> [DATA TO PROCESS]:

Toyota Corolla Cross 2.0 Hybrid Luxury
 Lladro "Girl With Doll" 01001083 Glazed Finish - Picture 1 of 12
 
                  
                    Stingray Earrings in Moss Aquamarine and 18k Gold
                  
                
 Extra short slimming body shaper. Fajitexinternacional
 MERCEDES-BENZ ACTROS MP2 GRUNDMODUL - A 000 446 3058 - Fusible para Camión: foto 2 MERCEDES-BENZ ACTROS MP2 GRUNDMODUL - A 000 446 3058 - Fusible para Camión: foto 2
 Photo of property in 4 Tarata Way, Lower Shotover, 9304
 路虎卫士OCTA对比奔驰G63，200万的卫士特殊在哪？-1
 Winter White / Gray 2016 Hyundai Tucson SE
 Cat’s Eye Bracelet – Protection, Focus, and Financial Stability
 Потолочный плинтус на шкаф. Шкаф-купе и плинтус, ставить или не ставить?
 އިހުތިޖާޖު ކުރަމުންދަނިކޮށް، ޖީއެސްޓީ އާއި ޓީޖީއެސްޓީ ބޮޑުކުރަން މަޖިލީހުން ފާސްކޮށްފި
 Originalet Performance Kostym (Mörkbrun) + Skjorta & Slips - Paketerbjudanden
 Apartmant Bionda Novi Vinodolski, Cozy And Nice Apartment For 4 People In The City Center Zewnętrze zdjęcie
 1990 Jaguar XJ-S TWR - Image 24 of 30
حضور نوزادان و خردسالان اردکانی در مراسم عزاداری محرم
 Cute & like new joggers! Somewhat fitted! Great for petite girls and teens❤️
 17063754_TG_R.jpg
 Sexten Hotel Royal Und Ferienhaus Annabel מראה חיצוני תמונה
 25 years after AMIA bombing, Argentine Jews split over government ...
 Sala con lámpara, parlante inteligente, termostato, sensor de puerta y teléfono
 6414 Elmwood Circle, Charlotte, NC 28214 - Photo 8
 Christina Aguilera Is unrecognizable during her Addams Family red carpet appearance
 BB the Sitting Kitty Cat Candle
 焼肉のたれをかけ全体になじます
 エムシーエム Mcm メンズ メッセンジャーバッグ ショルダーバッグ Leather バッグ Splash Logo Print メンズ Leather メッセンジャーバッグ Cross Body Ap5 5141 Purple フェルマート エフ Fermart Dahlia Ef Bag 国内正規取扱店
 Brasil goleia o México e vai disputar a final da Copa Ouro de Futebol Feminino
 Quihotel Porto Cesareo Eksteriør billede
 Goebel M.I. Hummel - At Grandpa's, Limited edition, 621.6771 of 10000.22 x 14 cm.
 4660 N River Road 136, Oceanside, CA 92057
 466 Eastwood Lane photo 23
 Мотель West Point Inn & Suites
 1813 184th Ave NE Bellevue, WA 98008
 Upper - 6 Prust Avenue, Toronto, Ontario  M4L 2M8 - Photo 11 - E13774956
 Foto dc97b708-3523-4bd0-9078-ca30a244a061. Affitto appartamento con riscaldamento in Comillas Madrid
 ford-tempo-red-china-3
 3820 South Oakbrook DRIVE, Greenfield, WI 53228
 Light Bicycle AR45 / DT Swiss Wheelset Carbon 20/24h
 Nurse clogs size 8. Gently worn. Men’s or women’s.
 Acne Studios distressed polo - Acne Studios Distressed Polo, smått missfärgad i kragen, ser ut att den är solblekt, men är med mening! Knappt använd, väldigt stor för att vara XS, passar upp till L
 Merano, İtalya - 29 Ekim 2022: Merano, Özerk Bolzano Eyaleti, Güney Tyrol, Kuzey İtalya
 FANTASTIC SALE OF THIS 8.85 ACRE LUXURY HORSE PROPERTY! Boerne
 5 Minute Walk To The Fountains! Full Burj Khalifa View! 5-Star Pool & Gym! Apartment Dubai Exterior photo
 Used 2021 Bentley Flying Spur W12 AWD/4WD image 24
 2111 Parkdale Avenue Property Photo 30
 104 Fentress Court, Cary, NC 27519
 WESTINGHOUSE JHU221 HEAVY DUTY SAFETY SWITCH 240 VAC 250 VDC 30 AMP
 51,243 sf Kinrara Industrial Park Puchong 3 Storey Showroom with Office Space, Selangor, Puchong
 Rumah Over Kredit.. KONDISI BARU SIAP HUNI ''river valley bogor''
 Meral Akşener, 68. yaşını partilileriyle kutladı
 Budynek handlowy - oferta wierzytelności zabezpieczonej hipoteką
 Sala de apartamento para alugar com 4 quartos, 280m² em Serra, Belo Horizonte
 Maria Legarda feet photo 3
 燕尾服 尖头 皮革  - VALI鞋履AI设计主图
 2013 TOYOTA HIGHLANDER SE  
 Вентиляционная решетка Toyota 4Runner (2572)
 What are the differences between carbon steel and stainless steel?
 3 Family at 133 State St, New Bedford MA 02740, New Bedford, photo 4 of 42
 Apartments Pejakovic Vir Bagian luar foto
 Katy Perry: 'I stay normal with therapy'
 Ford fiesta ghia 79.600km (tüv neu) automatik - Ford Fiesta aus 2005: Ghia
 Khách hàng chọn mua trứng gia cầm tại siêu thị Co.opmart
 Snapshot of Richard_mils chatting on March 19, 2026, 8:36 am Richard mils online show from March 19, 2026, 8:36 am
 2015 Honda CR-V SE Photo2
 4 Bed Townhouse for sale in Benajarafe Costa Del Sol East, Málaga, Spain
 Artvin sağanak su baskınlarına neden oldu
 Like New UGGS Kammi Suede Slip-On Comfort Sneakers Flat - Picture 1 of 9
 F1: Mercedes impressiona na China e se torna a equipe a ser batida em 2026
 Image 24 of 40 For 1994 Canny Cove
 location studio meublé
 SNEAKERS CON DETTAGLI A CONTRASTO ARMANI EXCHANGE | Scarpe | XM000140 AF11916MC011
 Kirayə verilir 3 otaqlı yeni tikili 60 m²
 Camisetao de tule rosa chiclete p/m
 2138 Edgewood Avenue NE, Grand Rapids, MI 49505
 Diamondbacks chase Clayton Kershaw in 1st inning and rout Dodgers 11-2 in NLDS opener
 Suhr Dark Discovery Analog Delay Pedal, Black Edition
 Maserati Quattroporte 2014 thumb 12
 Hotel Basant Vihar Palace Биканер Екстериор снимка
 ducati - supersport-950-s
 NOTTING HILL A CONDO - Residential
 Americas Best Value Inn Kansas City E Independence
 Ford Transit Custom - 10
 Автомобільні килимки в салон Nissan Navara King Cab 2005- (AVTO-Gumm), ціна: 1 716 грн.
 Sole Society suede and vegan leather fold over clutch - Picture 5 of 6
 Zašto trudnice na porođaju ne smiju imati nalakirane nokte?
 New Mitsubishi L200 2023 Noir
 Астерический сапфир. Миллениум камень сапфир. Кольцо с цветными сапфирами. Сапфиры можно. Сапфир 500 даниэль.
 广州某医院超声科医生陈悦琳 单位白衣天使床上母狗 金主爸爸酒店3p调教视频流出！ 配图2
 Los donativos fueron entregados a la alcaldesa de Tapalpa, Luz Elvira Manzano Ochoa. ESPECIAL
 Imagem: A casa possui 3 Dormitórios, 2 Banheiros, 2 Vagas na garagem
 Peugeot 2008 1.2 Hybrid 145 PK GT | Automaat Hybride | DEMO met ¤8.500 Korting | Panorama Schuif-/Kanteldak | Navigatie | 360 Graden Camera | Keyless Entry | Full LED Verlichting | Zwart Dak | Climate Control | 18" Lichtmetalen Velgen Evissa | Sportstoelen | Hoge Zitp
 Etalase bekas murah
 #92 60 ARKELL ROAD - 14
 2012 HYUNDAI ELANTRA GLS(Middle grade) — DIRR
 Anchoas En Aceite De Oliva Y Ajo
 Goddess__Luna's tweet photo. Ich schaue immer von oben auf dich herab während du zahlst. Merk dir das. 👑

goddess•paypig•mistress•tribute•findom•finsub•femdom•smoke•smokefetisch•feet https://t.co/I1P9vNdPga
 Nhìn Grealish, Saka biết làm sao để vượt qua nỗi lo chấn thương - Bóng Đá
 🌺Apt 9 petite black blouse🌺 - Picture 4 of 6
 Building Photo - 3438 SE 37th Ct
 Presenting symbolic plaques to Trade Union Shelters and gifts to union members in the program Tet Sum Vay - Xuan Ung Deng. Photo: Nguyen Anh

> [EXERCISE REQUIREMENTS]: Starting at the first line of the entries above, please extract each line up to and including the line with "ford-tempo-red-china-3", unchanged, and add nothing.

> [EXERCISE RESPONSE]:
Toyota Corolla Cross 2.0 Hybrid Luxury
 Lladro "Girl With Doll" 01001083 Glazed Finish - Picture 1 of 12
 
                  
                    Stingray Earrings in Moss Aquamarine and 18k Gold
                  
                
 Extra short slimming body shaper. Fajitexinternacional
 MERCEDES-BENZ ACTROS MP2 GRUNDMODUL - A 000 446 3058 - Fusible para Camión: foto 2 MERCEDES-BENZ ACTROS MP2 GRUNDMODUL - A 000 446 3058 - Fusible para Camión: foto 2
 Photo of property in 4 Tarata Way, Lower Shotover, 9304
 路虎卫士OCTA对比奔驰G63，200万的卫士特殊在哪？-1
 Winter White / Gray 2016 Hyundai Tucson SE
 Cat’s Eye Bracelet – Protection, Focus, and Financial Stability
 Потолочный плинтус на шкаф. Шкаф-купе и плинтус, ставить или не ставить?
 އިހުތިޖާޖު ކުރަމުންދަނިކޮށް، ޖީއެސްޓީ އާއި ޓީޖީއެސްޓީ ބޮޑުކުރަން މަޖިލީހުން ފާސްކޮށްފި
 Originalet Performance Kostym (Mörkbrun) + Skjorta & Slips - Paketerbjudanden
 Apartmant Bionda Novi Vinodolski, Cozy And Nice Apartment For 4 People In The City Center Zewnętrze zdjęcie
 1990 Jaguar XJ-S TWR - Image 24 of 30
حضور نوزادان و خردسالان اردکانی در مراسم عزاداری محرم
 Cute & like new joggers! Somewhat fitted! Great for petite girls and teens❤️
 17063754_TG_R.jpg
 Sexten Hotel Royal Und Ferienhaus Annabel מראה חיצוני תמונה
 25 years after AMIA bombing, Argentine Jews split over government ...
 Sala con lámpara, parlante inteligente, termostato, sensor de puerta y teléfono
 6414 Elmwood Circle, Charlotte, NC 28214 - Photo 8
 Christina Aguilera Is unrecognizable during her Addams Family red carpet appearance
 BB the Sitting Kitty Cat Candle
 焼肉のたれをかけ全体になじます
 エムシーエム Mcm メンズ メッセンジャーバッグ ショルダーバッグ Leather バッグ Splash Logo Print メンズ Leather メッセンジャーバッグ Cross Body Ap5 5141 Purple フェルマート エフ Fermart Dahlia Ef Bag 国内正規取扱店
 Brasil goleia o México e vai disputar a final da Copa Ouro de Futebol Feminino
 Quihotel Porto Cesareo Eksteriør billede
 Goebel M.I. Hummel - At Grandpa's, Limited edition, 621.6771 of 10000.22 x 14 cm.
 4660 N River Road 136, Oceanside, CA 92057
 466 Eastwood Lane photo 23
 Мотель West Point Inn & Suites
 1813 184th Ave NE Bellevue, WA 98008
 Upper - 6 Prust Avenue, Toronto, Ontario  M4L 2M8 - Photo 11 - E13774956
 Foto dc97b708-3523-4bd0-9078-ca30a244a061. Affitto appartamento con riscaldamento in Comillas Madrid
 ford-tempo-red-china-3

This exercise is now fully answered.